→ The records
Content starts
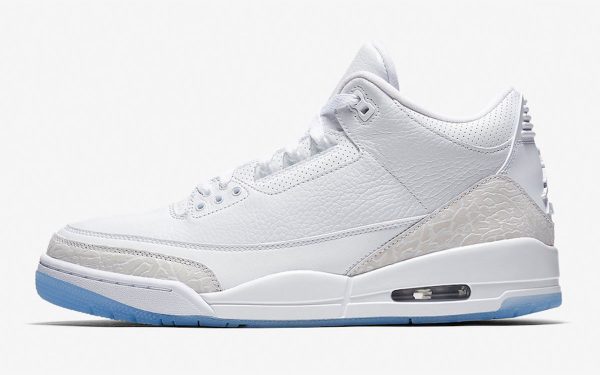 Air Jordan 3 Retro 'Triple White'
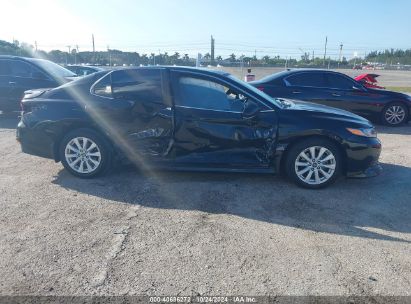 Lot #3035075080 2018 TOYOTA CAMRY LE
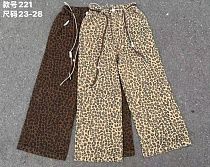 Штаны Chicwear 221 brown Штаны Chicwear 221 brown - делук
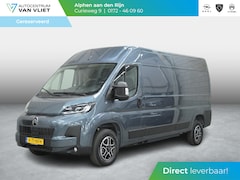 Citroën ë-Jumper - 3.5t L3H2 Zwaar 110 kWh | tot 8 jaar garantie | betimmering | Pakket Style Black | Pakket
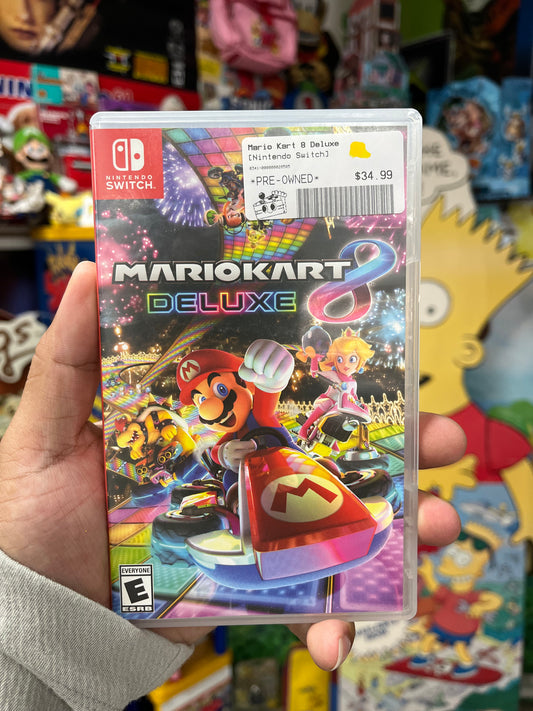 Mario Kart 8 Deluxe - Switch CiB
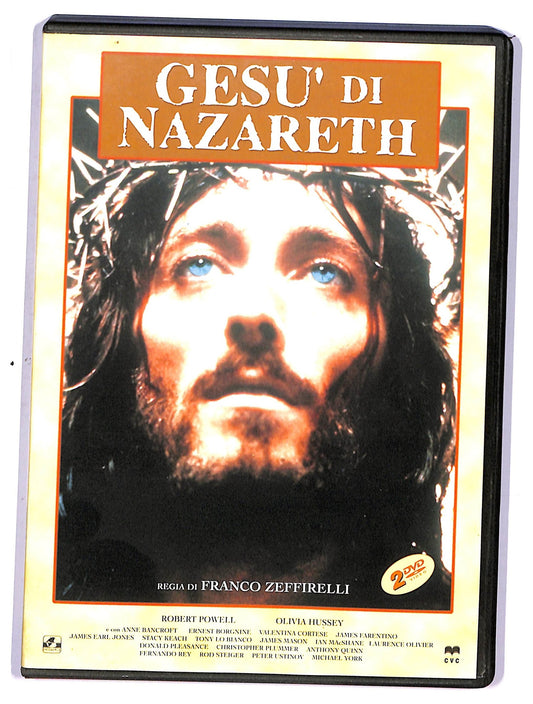 EBOND Gesu di Nazareth (2 dischi) DVD DB692903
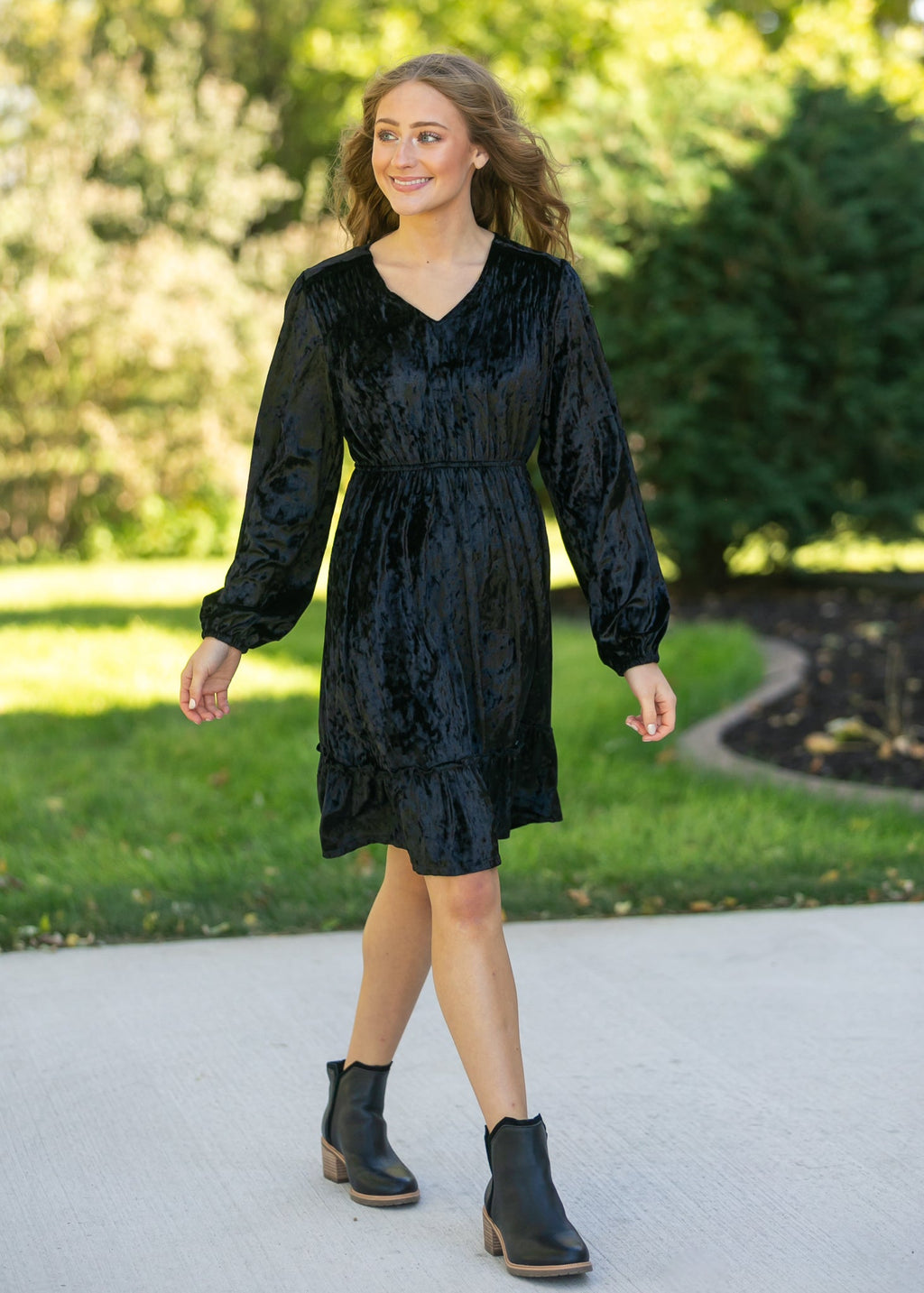 Inherit Co. Diana Velvet Midi Dress - FINAL SALE — packaging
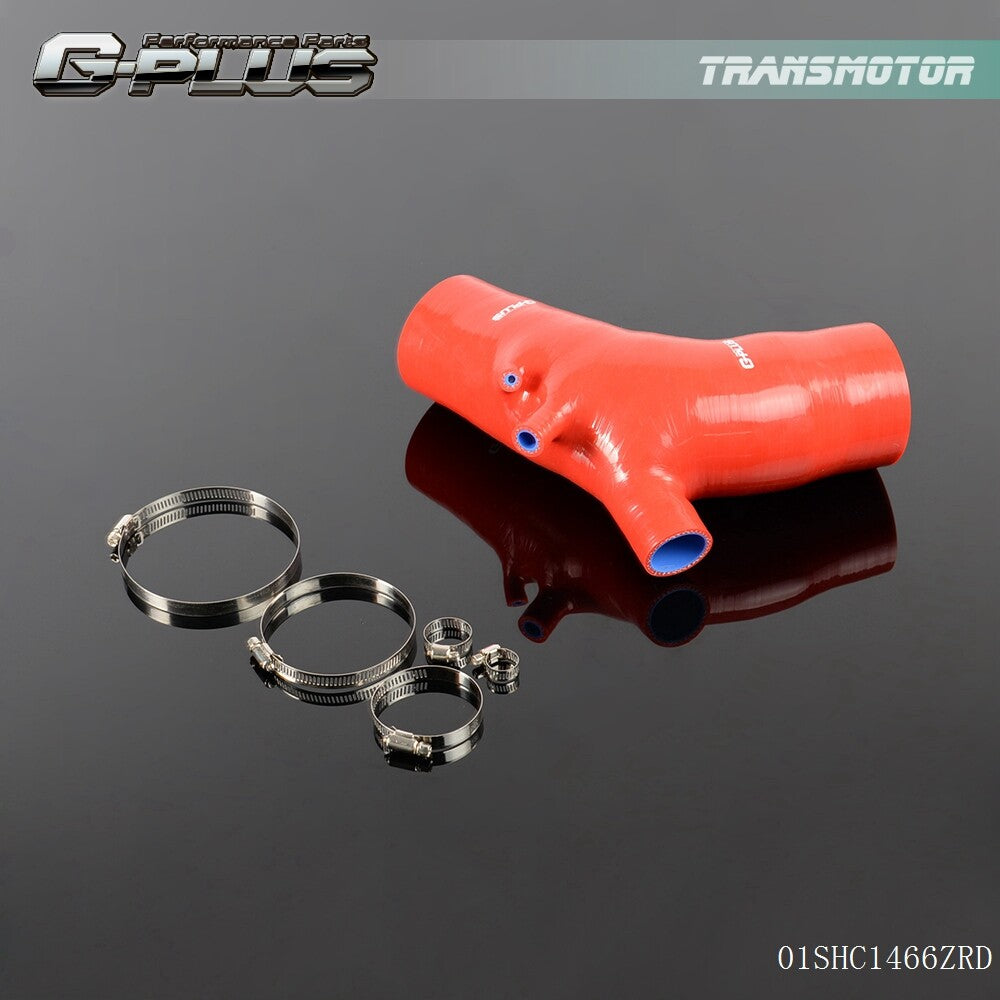 Suitable for Mitsubishi Evo 10/X 4B11T CZ4A 2008-15 Red Silicone Intercooler Hose Kit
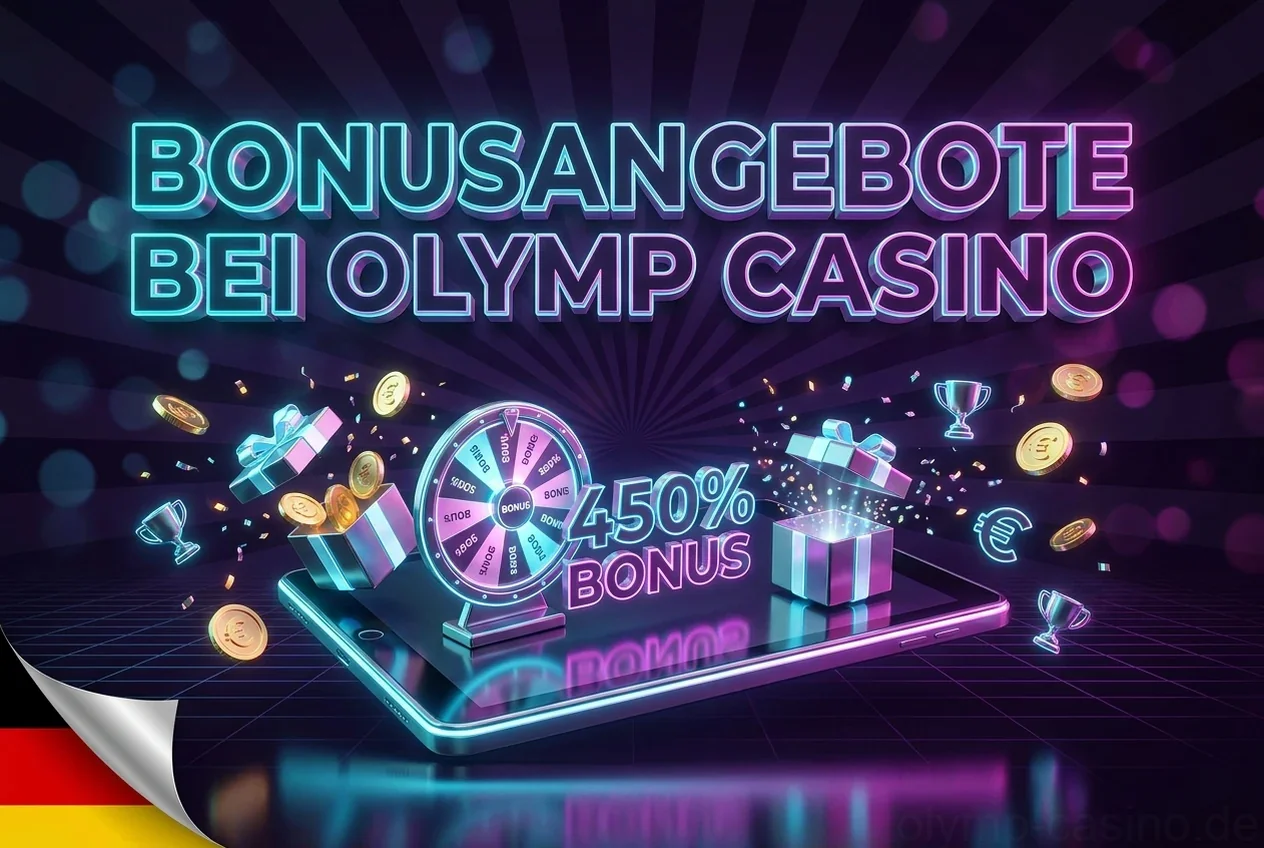 Bonusangebote bei Olymp Casino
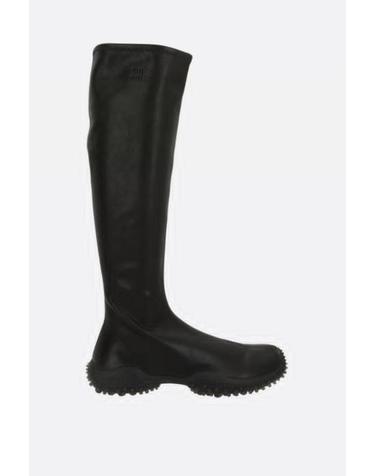 [해외직구][E32]미우미우 5W805EFA045L68F0002 여성 롱부츠 니하이부츠 MIU MIU stretch nappa boots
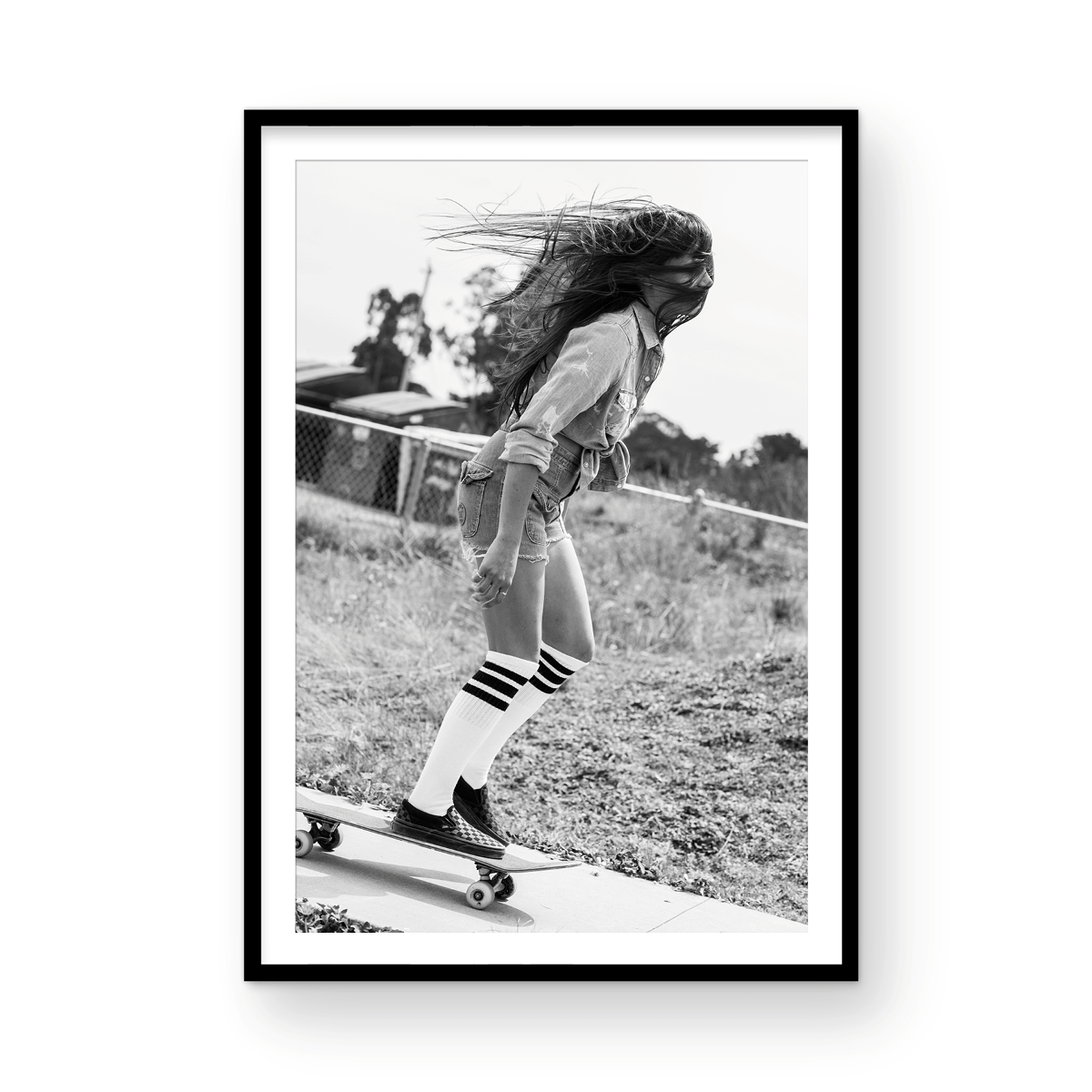 SKATER GIRL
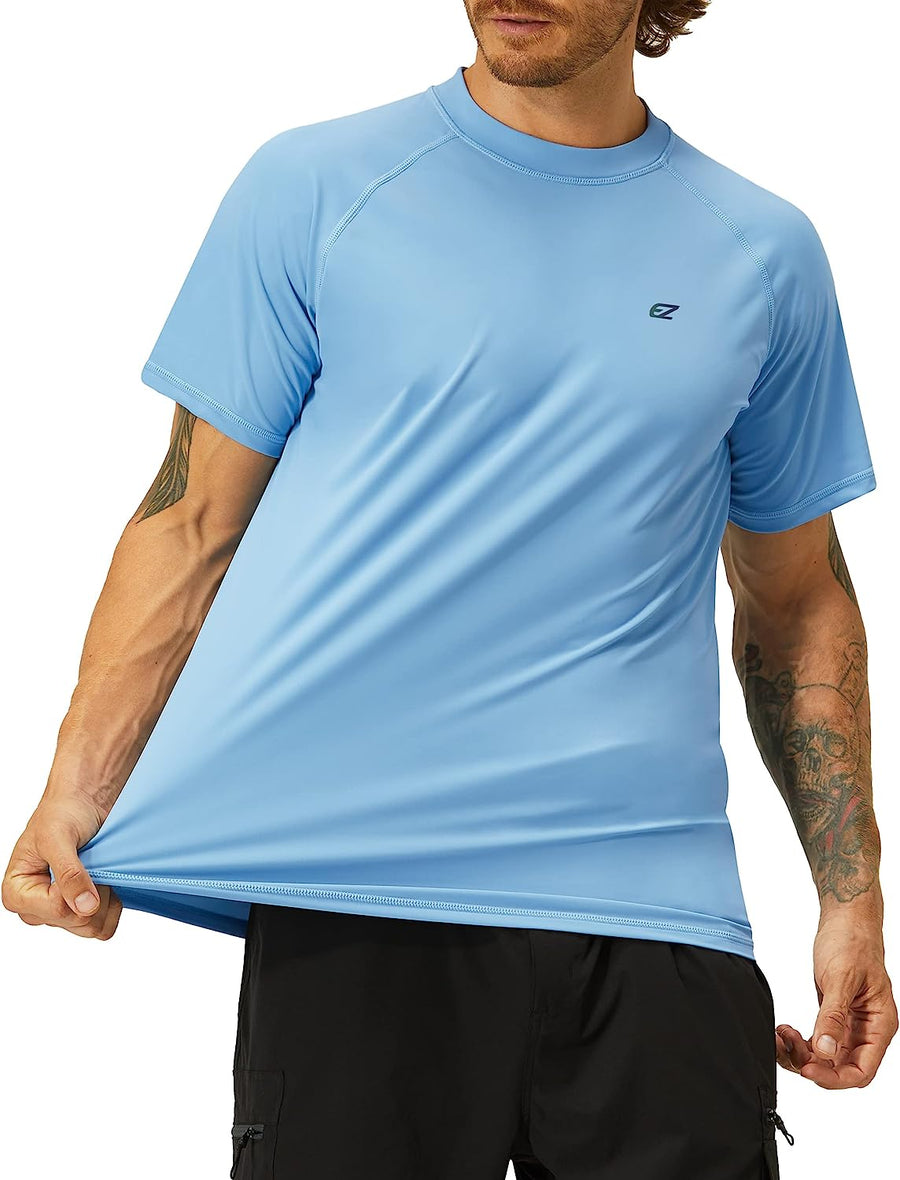 UPF 50+ UV Sun Protection T-Shirt Quick Dry Fishing Beach T Shirts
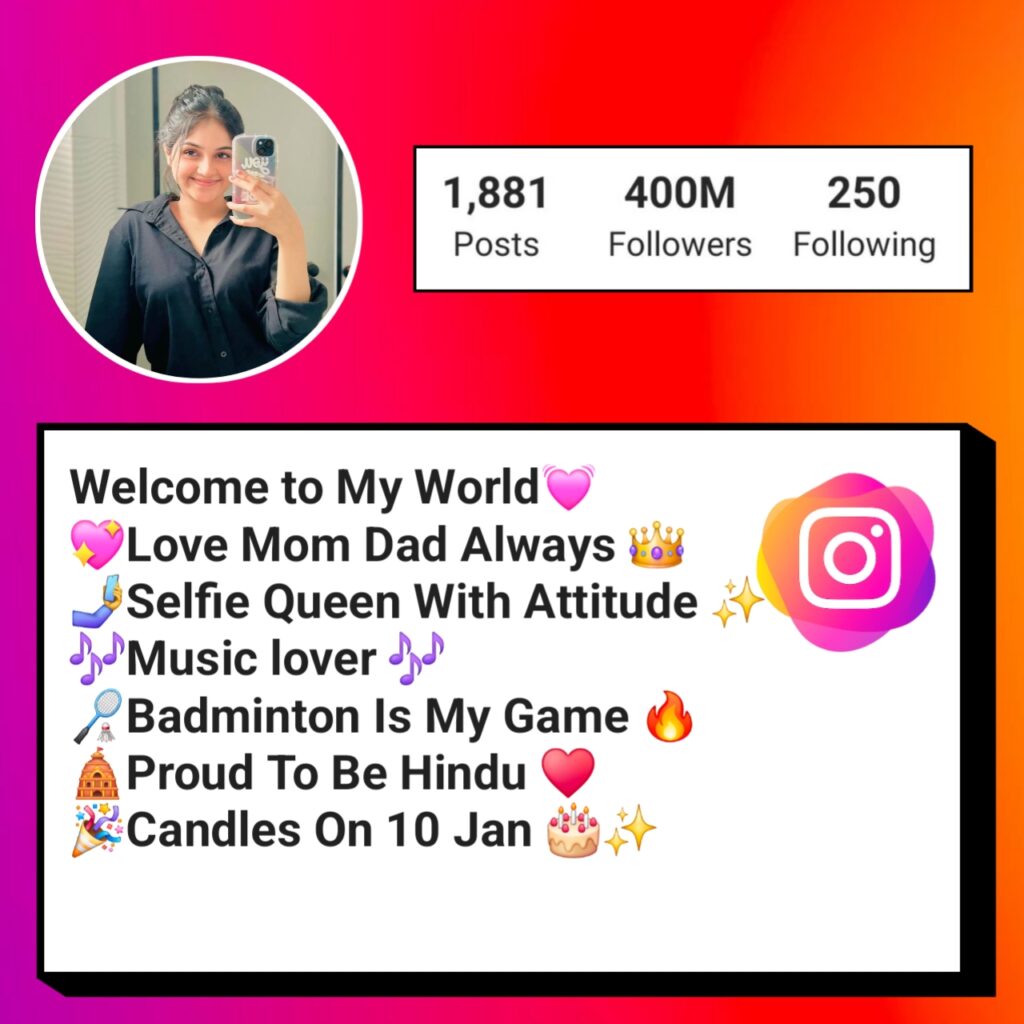 Instagram Bio Mom Dad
Content ends
→ Task
Beginning with the line that holds "Citroën ë-Jumper - 3.5t", return each line through the end of the records above exactly. Do not include pictures.

→ Response to the exercise
 Citroën ë-Jumper - 3.5t L3H2 Zwaar 110 kWh | tot 8 jaar garantie | betimmering | Pakket Style Black | Pakket
 Mario Kart 8 Deluxe - Switch CiB
 EBOND Gesu di Nazareth (2 dischi) DVD DB692903
 Inherit Co. Diana Velvet Midi Dress - FINAL SALE — packaging
 Suitable for Mitsubishi Evo 10/X 4B11T CZ4A 2008-15 Red Silicone Intercooler Hose Kit
 Bonusangebote bei Olymp Casino
 [해외직구][E32]미우미우 5W805EFA045L68F0002 여성 롱부츠 니하이부츠 MIU MIU stretch nappa boots
 SKATER GIRL
 UPF 50+ UV Sun Protection T-Shirt Quick Dry Fishing Beach T Shirts
 Instagram Bio Mom Dad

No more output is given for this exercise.